For the HYPHEN character, verbosely list all Unicode properties including the two-part general categories, one per line, and sort them:

    $ uniprops -1vgau HYPHEN | sort

List Perl and Unicode properties for code point U+2212, reordered by length and with width set to 50:

    $ uniprops -r -w 50 U+2212
    U+2212 ‹−› \N{ MINUS SIGN }:
        \pS \p{Sm}
        S Sm All Any Dash Math Zyyy Graph Print
           Common GrBase PatSyn Symbol Gr_Base Pat_Syn
           Assigned Math_Symbol Grapheme_Base
           Pattern_Syntax InMathematicalOperators

Ask for a (currently) unassigned code point:

    $ uniprops 1F12F
    U+1F12F ‹U+1F12F› \N{ U+1F12F }:
        \pC \p{Cn}
        All Any InEnclosedAlphanumericSupplement C Other Cn
            Unassigned Zzzz Unknown

ERRORS

It is an error to ask for properties of code points representing a UTF-16 surrogate.
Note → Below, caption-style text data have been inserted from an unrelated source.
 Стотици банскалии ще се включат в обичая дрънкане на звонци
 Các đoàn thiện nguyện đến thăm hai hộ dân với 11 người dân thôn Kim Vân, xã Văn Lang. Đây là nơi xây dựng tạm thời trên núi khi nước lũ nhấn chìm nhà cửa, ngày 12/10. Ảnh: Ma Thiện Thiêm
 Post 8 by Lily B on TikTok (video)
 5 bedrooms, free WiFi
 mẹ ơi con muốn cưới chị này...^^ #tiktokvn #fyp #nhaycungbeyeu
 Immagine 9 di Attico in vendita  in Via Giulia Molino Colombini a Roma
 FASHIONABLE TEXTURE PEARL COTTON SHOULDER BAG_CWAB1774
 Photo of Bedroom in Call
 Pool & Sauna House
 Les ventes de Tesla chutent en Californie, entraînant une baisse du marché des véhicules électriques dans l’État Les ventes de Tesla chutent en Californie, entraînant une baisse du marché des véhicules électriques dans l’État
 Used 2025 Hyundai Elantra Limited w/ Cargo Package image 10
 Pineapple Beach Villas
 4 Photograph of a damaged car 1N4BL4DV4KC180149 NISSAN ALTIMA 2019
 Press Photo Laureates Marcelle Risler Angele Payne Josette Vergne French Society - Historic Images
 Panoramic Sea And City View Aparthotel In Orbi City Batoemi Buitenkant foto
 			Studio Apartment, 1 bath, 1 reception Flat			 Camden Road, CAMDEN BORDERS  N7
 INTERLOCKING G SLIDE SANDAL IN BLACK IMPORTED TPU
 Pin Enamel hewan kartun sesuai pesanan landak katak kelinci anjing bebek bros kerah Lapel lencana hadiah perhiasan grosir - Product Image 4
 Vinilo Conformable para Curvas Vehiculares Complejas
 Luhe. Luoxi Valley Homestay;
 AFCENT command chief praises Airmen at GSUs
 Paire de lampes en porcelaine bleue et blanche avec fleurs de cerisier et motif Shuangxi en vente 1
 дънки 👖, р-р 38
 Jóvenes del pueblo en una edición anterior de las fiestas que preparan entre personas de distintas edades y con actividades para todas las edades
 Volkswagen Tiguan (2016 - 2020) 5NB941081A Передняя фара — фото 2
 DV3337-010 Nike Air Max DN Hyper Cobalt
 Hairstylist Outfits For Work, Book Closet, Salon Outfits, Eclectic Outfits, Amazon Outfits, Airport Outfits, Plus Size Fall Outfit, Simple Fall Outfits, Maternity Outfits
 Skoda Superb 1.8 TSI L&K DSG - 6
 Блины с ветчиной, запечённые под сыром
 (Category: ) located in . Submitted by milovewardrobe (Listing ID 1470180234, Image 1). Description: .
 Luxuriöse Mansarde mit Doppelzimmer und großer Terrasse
Characters not legal for interchange are flagged as errors.

ENVIRONMENT

If your environment smells like it's in a Unicode encoding, program arguments and output will be in UTF-8. This allows you to enter a single, literal UTF-8 character as a program argument.

The PAGER environment variable is used for the --list option.

FILES

The pod source for the perluniprops(1) manpage is parsed to determine Unicode properties. This is expected to be found in the Config module's $installprivlib/pods directory.

PROGRAMS

The stty(1) program is called on Unix systems to determine the window size.

If the standard output is to a tty when the --list option is requested, the user's pager is used, defaulting to more(1).

BUGS

The --man option does not correctly process the page for UTF-8; pod2text(1) works fine, though.

SEE ALSO

unichars, uninames, perluniprops, perlunicode, perlrecharclass, perlre

AUTHOR

Tom Christiansen <tchrist@perl.com>

COPYRIGHT AND LICENCE

Copyright 2011 Tom Christiansen.

This program is free software; you may redistribute it and/or modify it under the same terms as Perl itself.